Trump's nuclear problem with Iran requires a plan B
Once again rhetoric and reality in the Trump administration appear to be at odds with each other.
Earlier this week, the administration certified to Congress - as it must every 90 days - that Iran was abiding by the terms of the Joint Comprehensive Plan of Action (JCPOA), the formal name given to the 2015 nuclear deal with Iran.
But the US Secretary of State, Rex Tillerson, later underlined that his country's policy towards Iran was under full-scale review.
And in a message that will be heard loud and clear in Tehran, he castigated Iran's "alarming and ongoing provocations" and described the country as "the world's leading state sponsor of terrorism".
There was a broader warning, too. "An unchecked Iran," he said, "has the potential to travel the same path as North Korea".
So is the Trump administration behaving inconsistently? Well, probably not.
Certifying that Iran is upholding its end of the bargain does not preclude a fundamental US policy review - one that would be normal for any incoming administration, and, given the personnel surrounding US President Donald Trump, is likely to be far from sympathetic to Tehran.

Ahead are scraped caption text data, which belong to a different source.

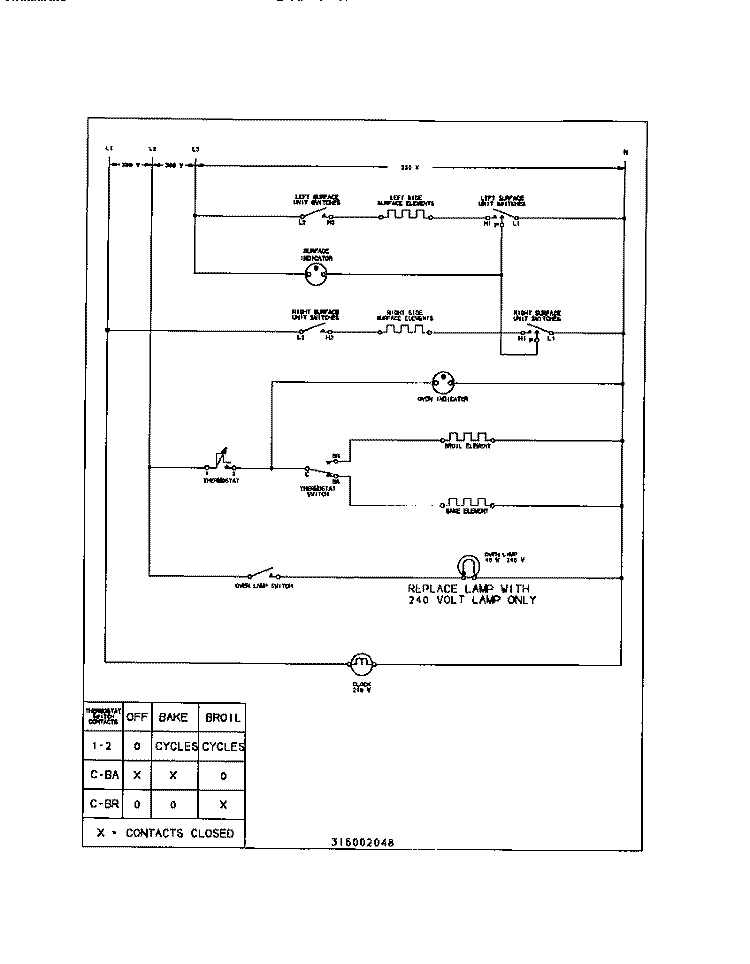 WIRING DIAGRAM Diagram and Parts List for CD302VP3D02  Frigidaire Range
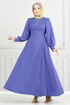 Yandan Bağcıklı Tesettür Elbise 5962BSK463-MS Koyu İndigo - Thumbnail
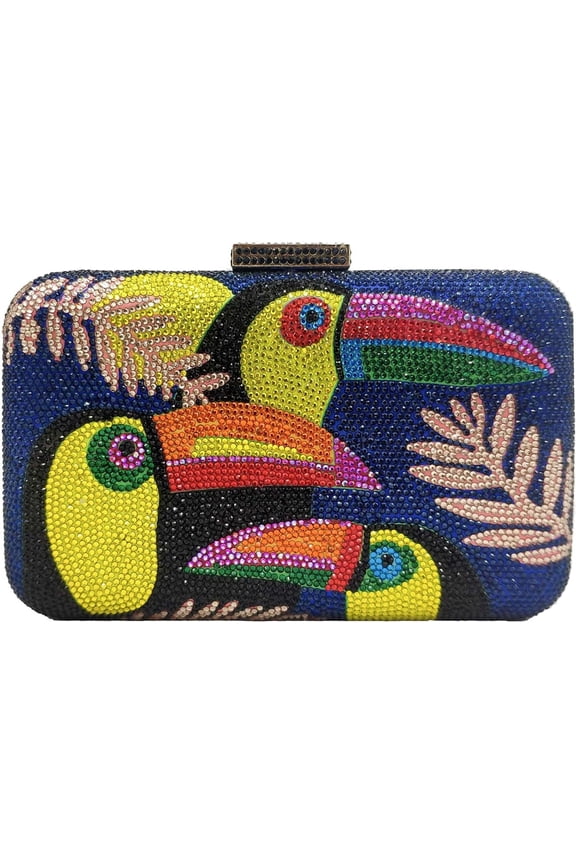 Womens Evening Bag Toucan Bird Rhinestones Clutch Purses for Bridal Wedding Party Handbag Ladies Shoulder Bags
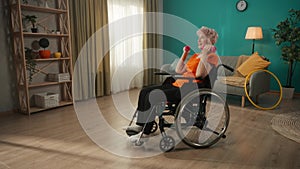 Elderly woman in a wheelchair exercising with dumbbells in the living room. An aged grayhaired woman trains arm muscles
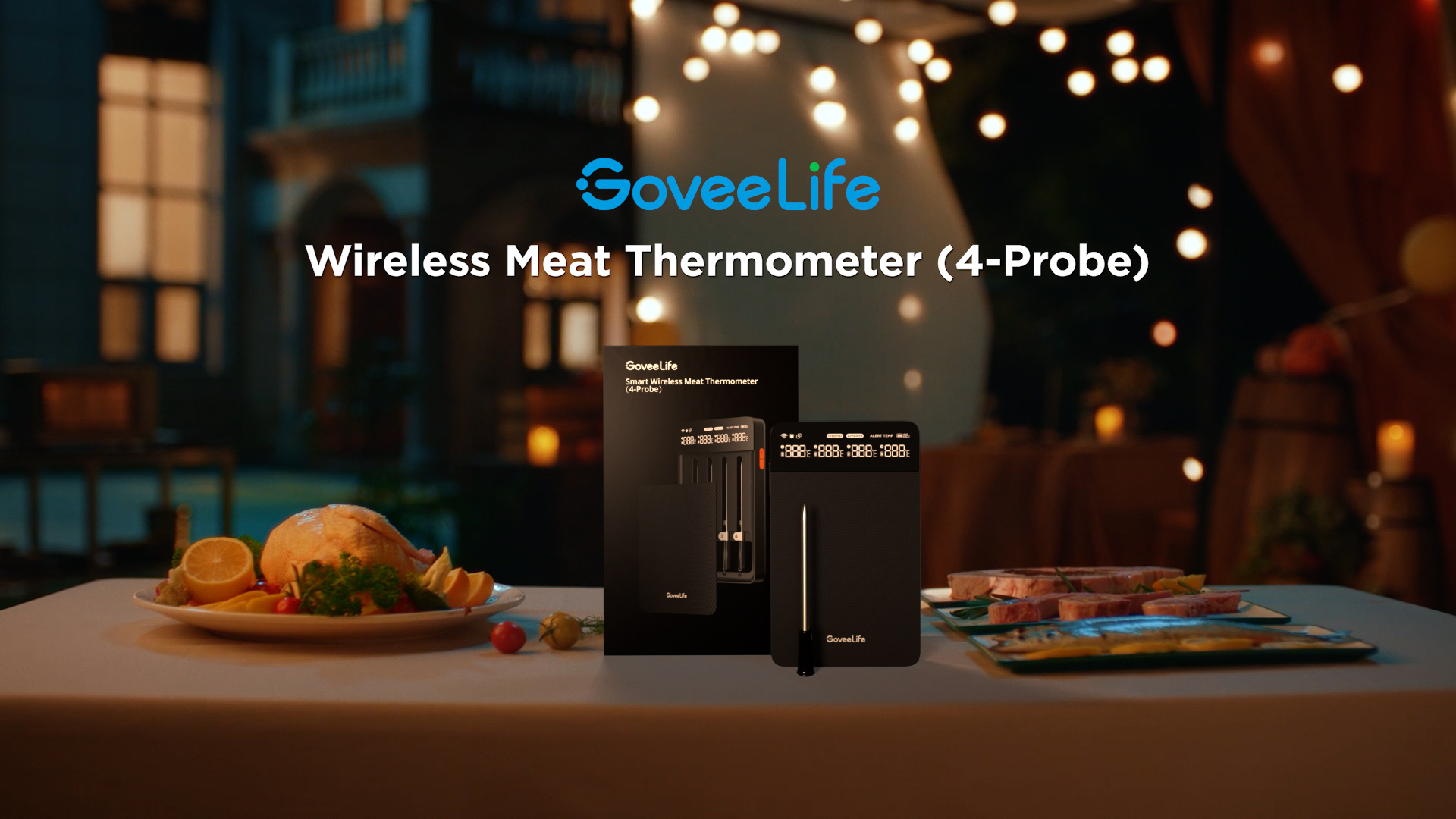 Image of GoveeLife Bluetooth Wireless Meat Thermometer with 4 Probes, WiFi Unlimited Range, ±1.8℉ Accuracy, IP68 Waterproof Real Time Monitoring Digital Food Thermometer for Kitchen, BBQ, Grill, Oven, Smoker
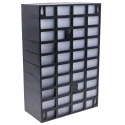 RS PRO Plastic Drawer Unit Storage Cabinet 40 Drawers Black 420mm x 270mm x 130mm 877-6812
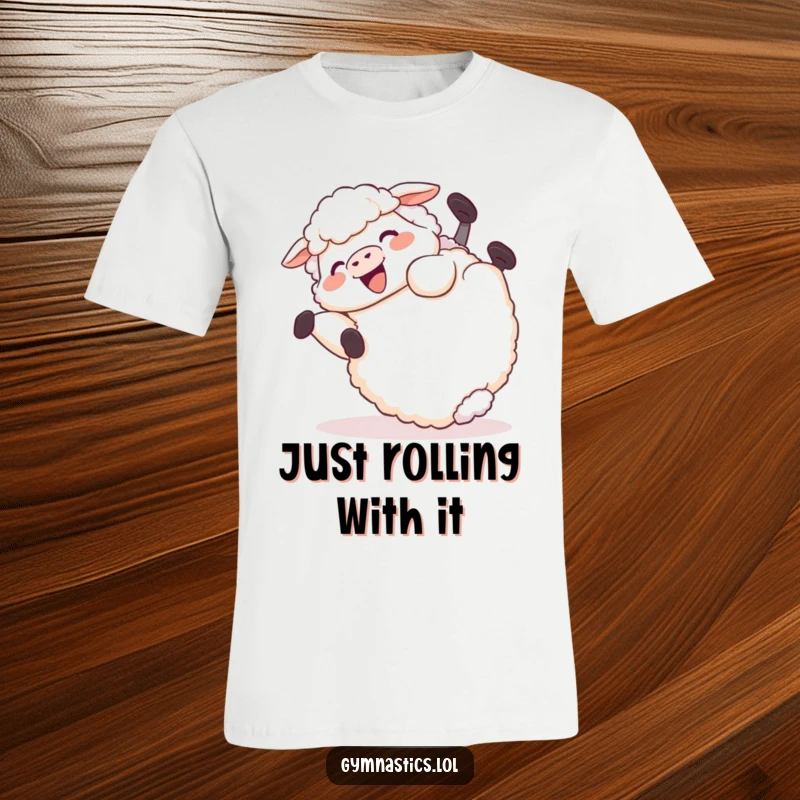 Funny T-Shirt: A giggling sheep is shown mid-tumble, rolling energetically with a look of pure, contagious joy on its face.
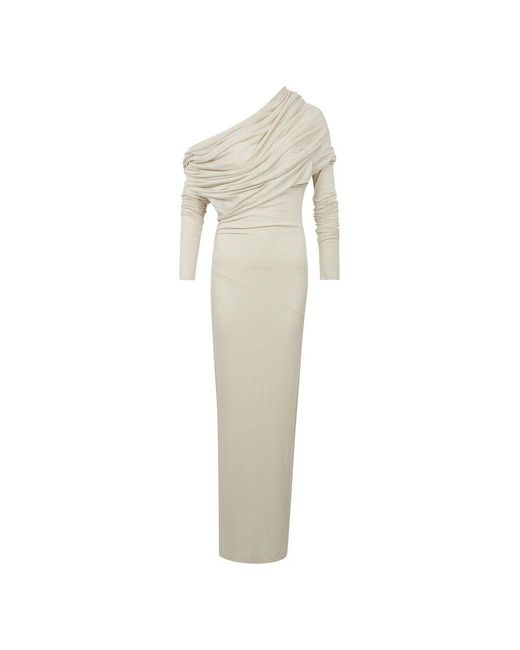 Entire studios White Langes Drapiertes Kleid Mit Bound-Drapierung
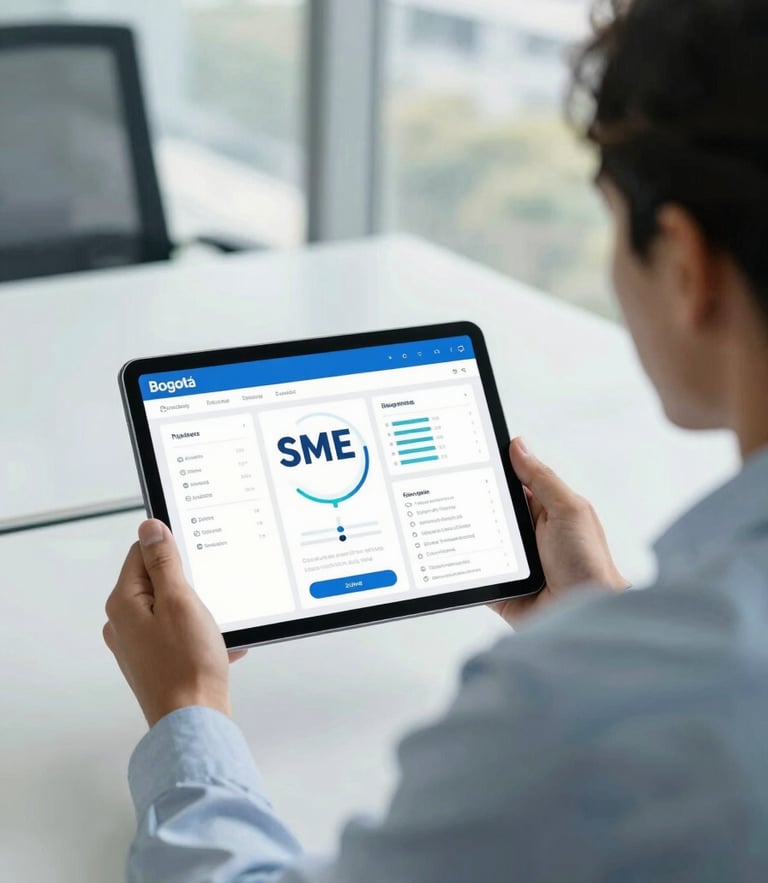 Over-the-shoulder shot of a professional consultant showing a clean security dashboard on a tablet to an SME business owner in a bright Bogotá office, natural daylight, cool slate tones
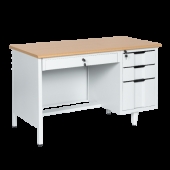 Метално бюро Carmen CR-1310 K - сиво / бук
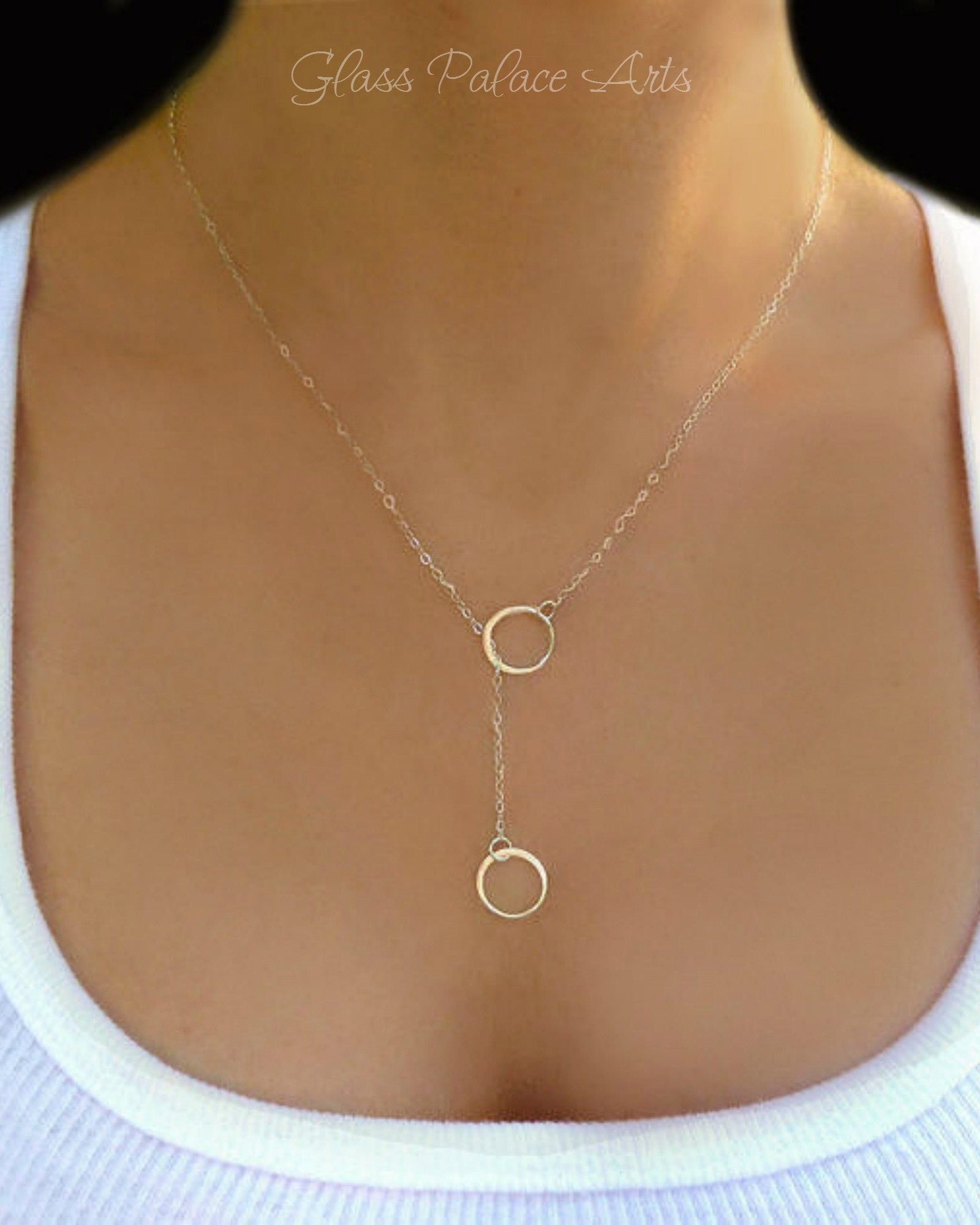 Infinity Lariat Necklace With Small Circles- Sterling Silver, Gold or Rose Gold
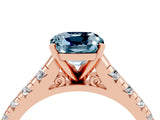 Rose gold Fancy White Cushion Cut Aquamarine Solitaire Ring with Cathedral Setting and Pavé Band_4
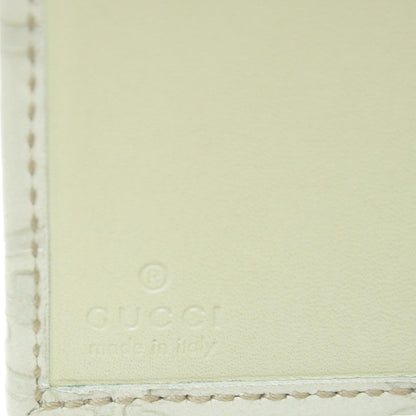 Gucci Guccissima Margaux Calfskin Metal Bar French Flap Wallet Mystic White 7 of 9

The Iran deal of course was famously characterised by then candidate Mr Trump as one of the worst deals ever negotiated. For now it is still there and for all we know it may have considerable life in it yet.
The problem for US policy is to grapple with three aspects of Iran and its behaviour.
Firstly, there is the nuclear issue, and whatever the controversy surrounding the nuclear deal, it does impose constraints on Tehran's nuclear programme in return for tangible economic benefits. Iran at the moment is not "unchecked", to use the term mentioned by Mr Tillerson.
Many western experts back the deal even if they have little enthusiasm for it. Even senior security figures in Israel - who opposed the Obama administration's negotiation of the agreement - have tacitly accepted that it does provide a framework to manage the problem.
Reports suggest that even the Saudis - also long-time opponents of the agreement - have counselled Mr Trump not to abandon it. Of course it will not last for ever. And one of the strongest arguments of the deal's critics has always been: What will happen 15 years after the implementation of the deal, when some of the key provisions restricting Iran's nuclear activities expire?
One hope was that it would provide a platform for improved relations between Washington and Tehran. Well that has not proved to be the case. Tensions are rising in the Gulf; the wider chaos in the region which finds Washington and Tehran almost always on different sides has seen to that.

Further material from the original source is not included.